Sitting in the kitchen of his house (which was, like his study, very modernistic, all stainless steel and marble: marble floor, marble surfaces), watching him eat slice a
fter slice of thick toast spread with thicker marmalade, she felt oddly relaxed, warmed, easy. She tried to tell herself it was dangerous, that she should be feeling nothing of the sort, that a man like Magnus Phillips who wrote the sort of books he did, who was clearly at war with her family (if you could call them her family which she actually didn’t), who had had an affair with her mother, who was writing a scurrilous book about her sister’s husband, a man like Magnus Phillips, clever, ruthless, albeit charming, was not to be trusted for one thousandth of one second. But she found she was not listening to herself too carefully. Maybe it was because she was tired, maybe it was the emotion of the past hour, the series of shocks she had received; whatever it was she felt soothed, softened, she just wanted to stay here, talking to this man, telling him things, telling him about herself, telling him everything he might wish to know, and more besides.
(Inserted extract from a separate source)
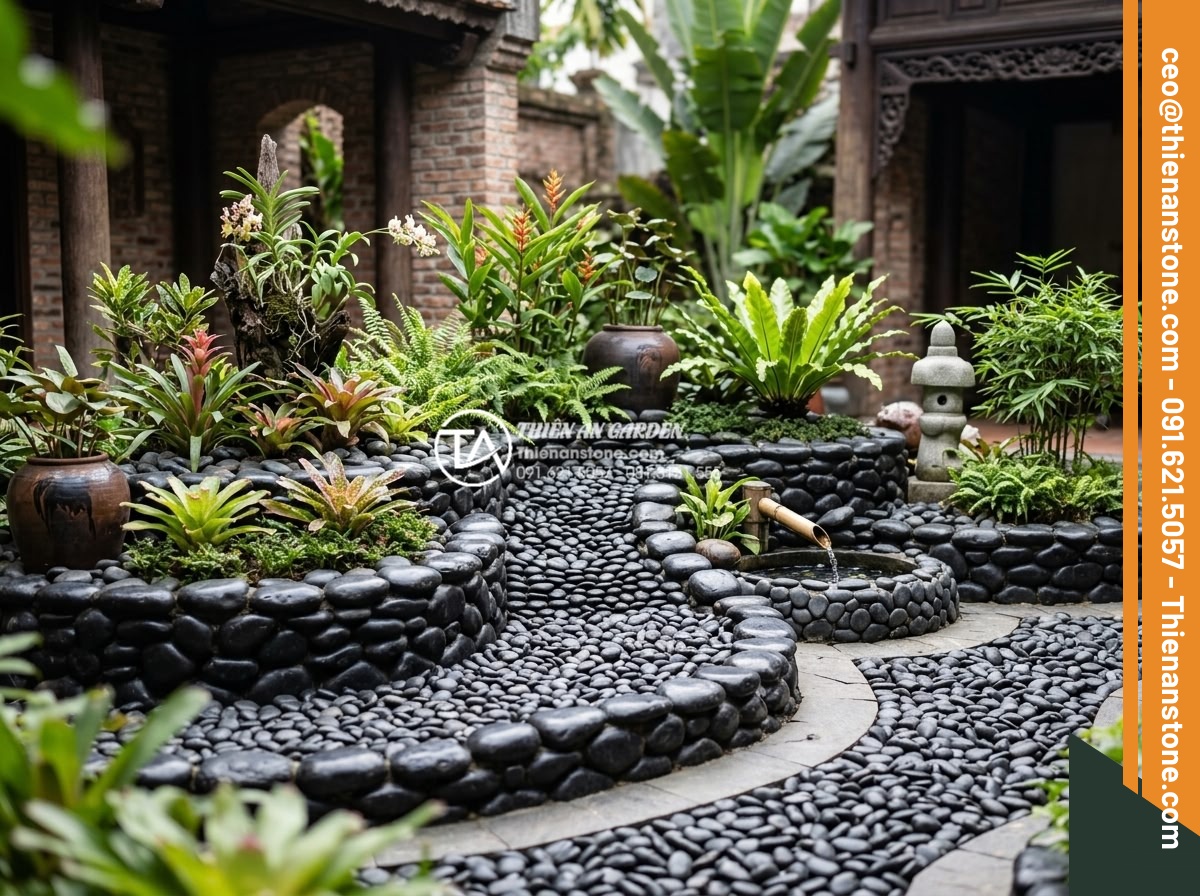 Sỏi Biển Trang Trí: Ưu Điểm Và Ứng Dụng Trong Tiểu Cảnh - Hình 12 Sỏi Biển Trang Trí: Ưu Điểm Và Ứng Dụng Trong Tiểu Cảnh - Creative use of sea pebbles in layered garden design with different stone sizes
And she also felt there was a great deal she would not need to tell him, that he would understand, would not need to have explained.
He looked up finally from his fourth slice of toast and licked his fingers, one by one, and said, ‘I really should go and get dressed. I don’t usually entertain strange women in my kitchen wearing virtually no clothes.’
‘Oh really?’ said Fleur, smiling at him.
‘No, really,’ he said. ‘Make some more coffee if you like,’ and he disappeared up the stairs.
She wandered around the kitchen, taking in the clues it offered: a row of cookery books (mostly virginally unused), a notebook and pen set neatly near the phone, a pile of newspapers (The Times, the Daily Mirror, the Daily Mail, the Daily Worker) and of magazines (New Statesman, Private Eye, Nova, Campaign) on the table, a heap of unopened letters, many of them plainly circulars, a large wine rack filled with bottles, including a great deal of champagne, a set of framed black and white photographs, signed by David Bailey, not of glamorous model girls, but of men she mostly didn’t recognize, apart from Mick Jagger and David Hockney. There was a bulging address book by the phone, and she was just idly starting to flick through it when Magnus Phillips appeared again, and picked it up rather firmly.